POLITIQUE

Fermeture de Gentilly-2 : réactions en Mauricie et au Centre-du-Québec (PHOTOS/VIDÉO)

20/09/2012 04:34 EDT | Actualisé 19/11/2012 05:12 EST
PC

La confirmation de la fermeture de la centrale nucléaire Gentilly-2 à Bécancour, dans le Centre-du-Québec, annoncée par la première ministre Pauline Marois suscite de nombreuses réactions en Mauricie et au Centre-du-Québec.

Mme Marois dit vouloir que la fermeture « se fasse correctement » et explique qu'elle demande ainsi à la ministre des Ressources naturelles, Martine Ouellet, et à Hydro-Québec de présenter un rapport sur les conséquences de la fermeture.

Elle rappelle qu'un fonds de diversification sera créé afin de compenser la perte d'activités économiques liées à la fermeture de la centrale.

Au moins 800 personnes travaillent à Gentilly-2. Selon plusieurs intervenants, l'impact d'une fermeture de la centrale sera énorme pour l'économie de Bécancour, Nicolet et Trois-Rivières.

Réactions

Plusieurs intervenants et élus de la région ont fait part de leur réaction à la suite de l'annonce de la fermeture de Gentilly-2.

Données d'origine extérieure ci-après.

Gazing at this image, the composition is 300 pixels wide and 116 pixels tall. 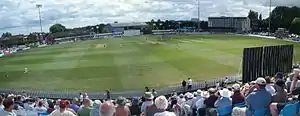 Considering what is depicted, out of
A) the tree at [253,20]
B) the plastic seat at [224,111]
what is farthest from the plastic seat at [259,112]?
the tree at [253,20]

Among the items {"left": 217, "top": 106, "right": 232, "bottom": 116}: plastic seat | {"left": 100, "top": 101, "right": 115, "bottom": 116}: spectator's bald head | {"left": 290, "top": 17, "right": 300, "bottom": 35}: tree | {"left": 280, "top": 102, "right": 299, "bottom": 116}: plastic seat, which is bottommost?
{"left": 290, "top": 17, "right": 300, "bottom": 35}: tree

La députée libérale de Trois-Rivières, Danielle St-Amand se dit très déçue. « C'est une décision qui est précoce, on attendait le rapport de la Commission canadienne de sûreté nucléaire. 800 emplois chez nous, c'est important, c'est une décision qui est dramatique. On va travailler avec les intervenants du milieu pour faire tout ce qui est en notre pouvoir pour sauver la centrale. »

La mairesse de Bécancour, Gaétane Désilets, souhaite pouvoir discuter du dossier. « Au moins que l'on puisse parler avec les gens en place présentement et pouvoir se comprendre. Pauline Marois dit qu'elle est une communicatrice et qu'elle veut écouter. Je pense que c'est important en région qu'on explique ce que ça fait chez nous directement au niveau de l'économie ».

De leur côté, les dirigeants des Chambres de commerce de Trois-Rivières et de Bécancour ont tenu un point de presse. « C'est un manque total d'écoute par rapport aux besoins et au cri du coeur de la région pour garder cette centrale ouverte. Il va y avoir beaucoup de drames humains à cause de cette décision-là », soutient le président de la Chambre de commerce de Trois-Rivières, Patrick Charlebois.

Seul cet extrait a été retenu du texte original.